=== Material provided ===

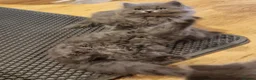 British Longhair cats for sale: Adorable British Blue longhair kittens - Advert 7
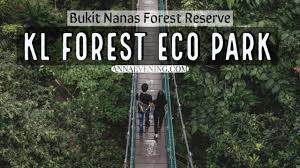 Enjoy the trails and the 200m canopy walk 21m above the ground. Kl Forest Eco Park Bukit Nanas Forest Reserve Annaevening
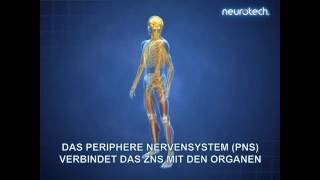 Grundlagen 1 Das Nervensystem ZNS PNS neurotech [upl. by Belier]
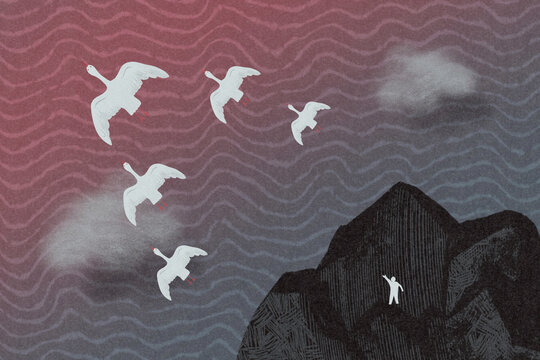 Birds fly away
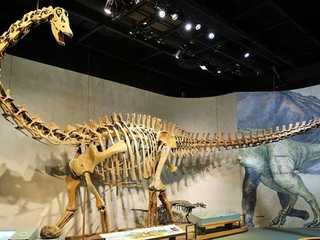Denver: Museo della natura e della scienza: biglietto e audio tour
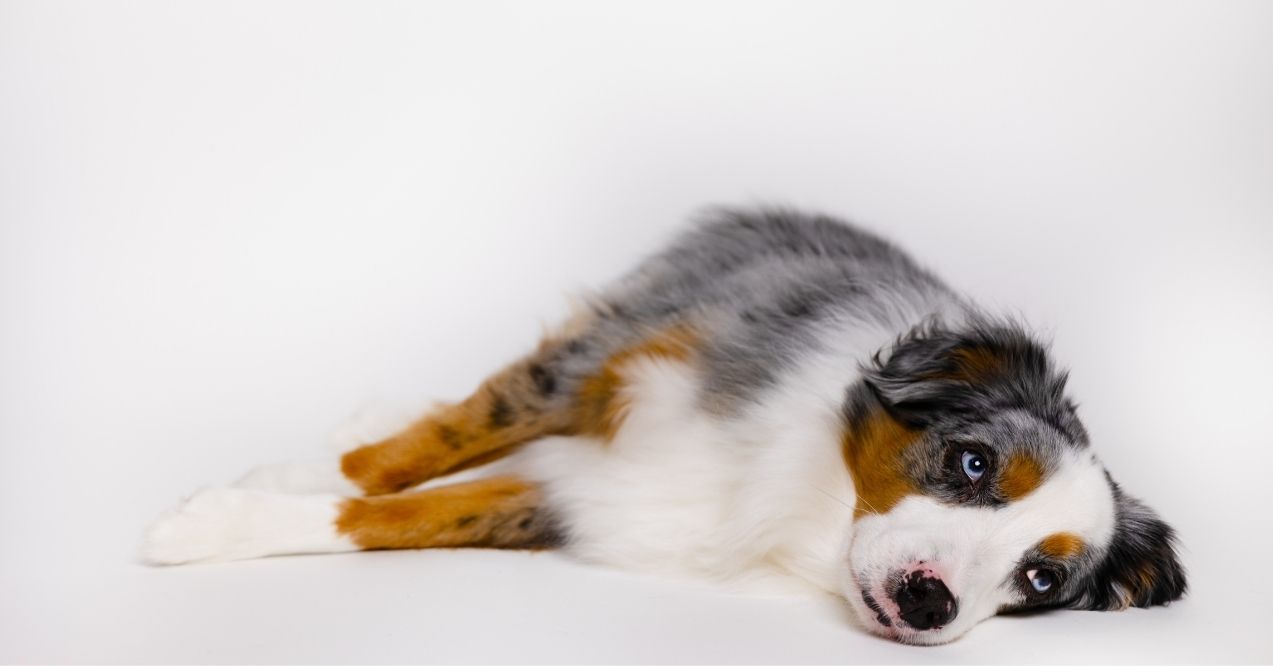 Australian Shepherd lying on white background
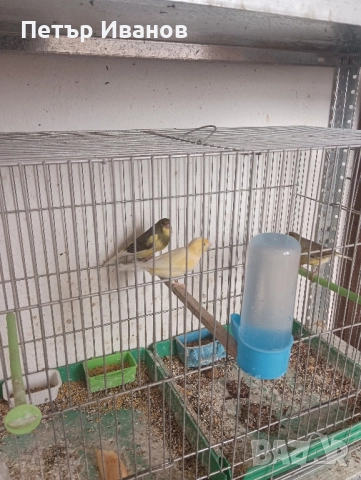 Канарчета млади 2025г. и 2024г., снимка 9 - Канари - 52541500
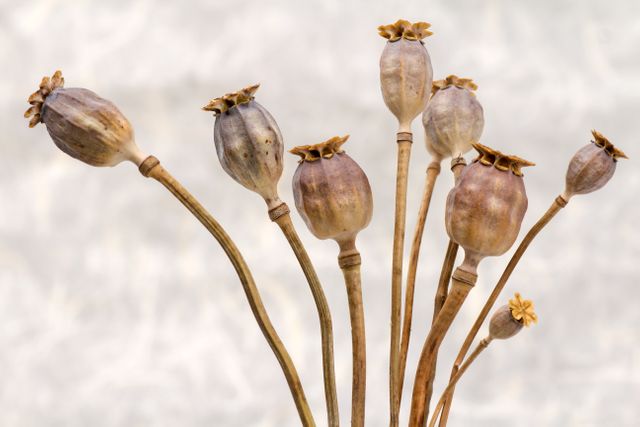 Close-up of dried poppy seed heads with light background. Perfect for illustrating botanical elements, natural decorations, or autumn themes. Use in content related to gardening, natural crafts, or minimalist designs.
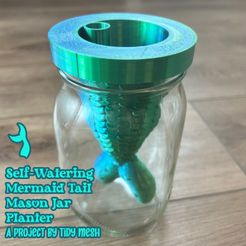IMG_7316.jpeg Self-Watering Mermaid Tail Wide Mouth Mason Jar Planter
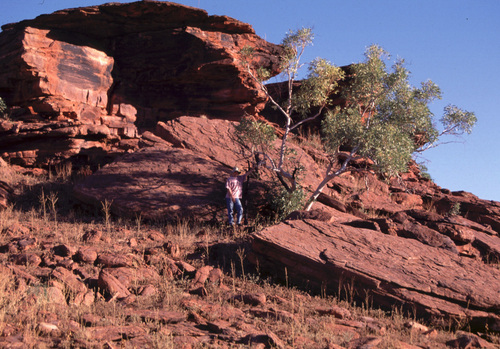 Eucalyptus gregoriensis N.G.Walsh & Albr.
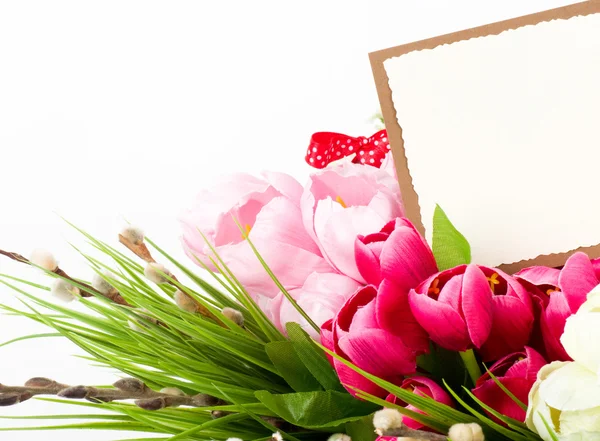 Banner aggiungere con fiori primaverili — Foto Stock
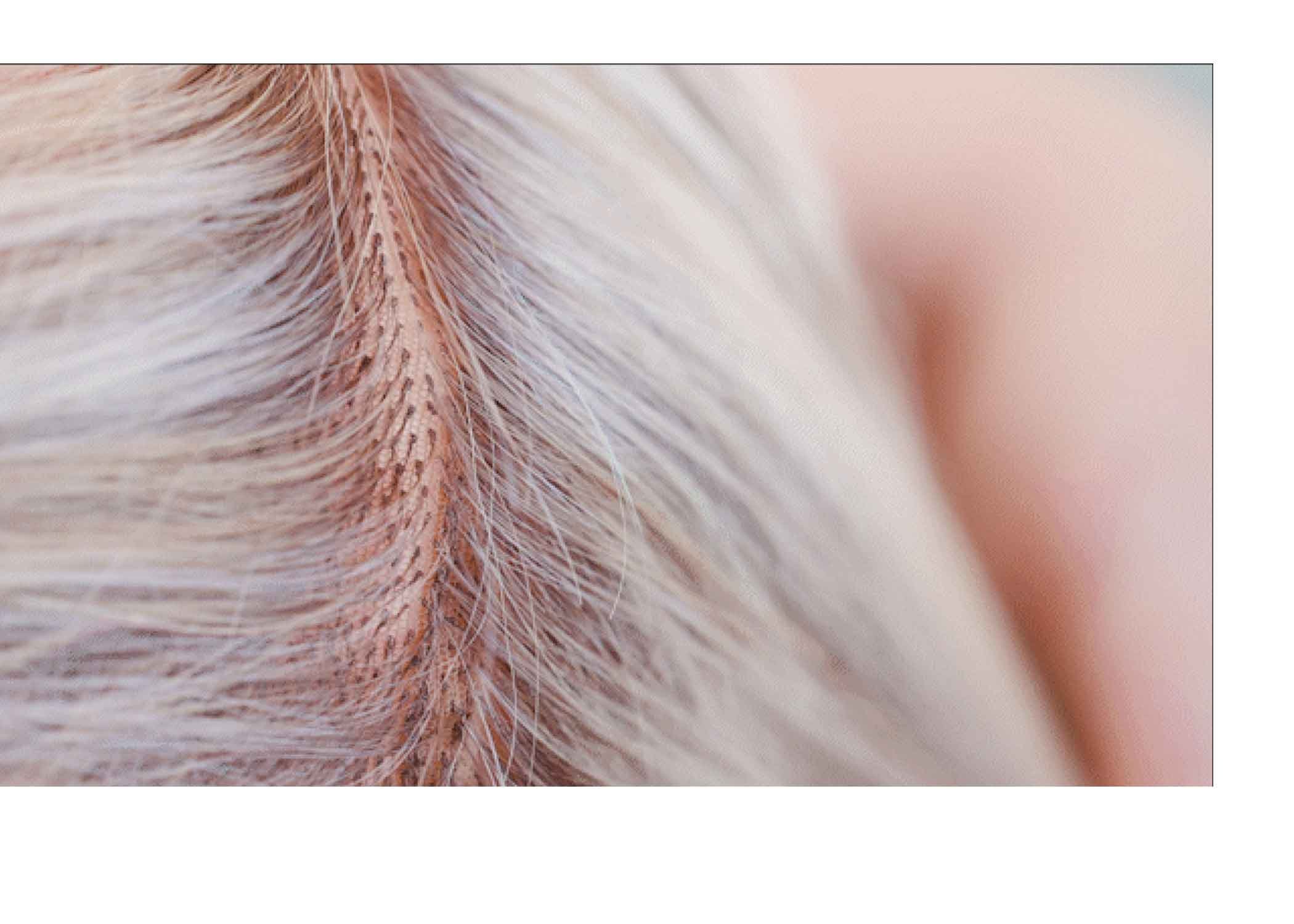 How Much Does a Wig Cost?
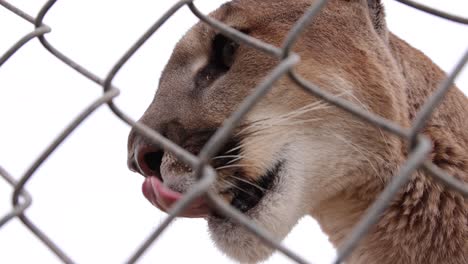 Puma-Se-Lame-Los-Labios-A-Través-De-La-Valla-Del-Santuario-De-Vida-Silvestre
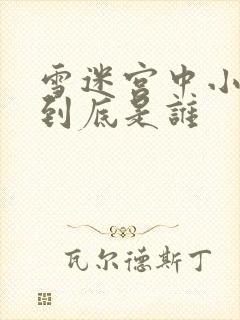 雪迷宫中小马哥到底是谁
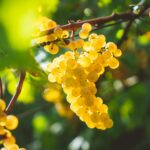croatian wine london wine challenge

===

● **What this task involves**: Which lines run from the one containing "Eucalyptus gregoriensis N.G.Walsh & Albr." through the last line of the entries above? Output them exactly, both ends included, with no pictures.

● **Output of the exercise**:
 Eucalyptus gregoriensis N.G.Walsh & Albr.
 Banner aggiungere con fiori primaverili — Foto Stock
 How Much Does a Wig Cost?
 Puma-Se-Lame-Los-Labios-A-Través-De-La-Valla-Del-Santuario-De-Vida-Silvestre
 雪迷宫中小马哥到底是谁
croatian wine london wine challenge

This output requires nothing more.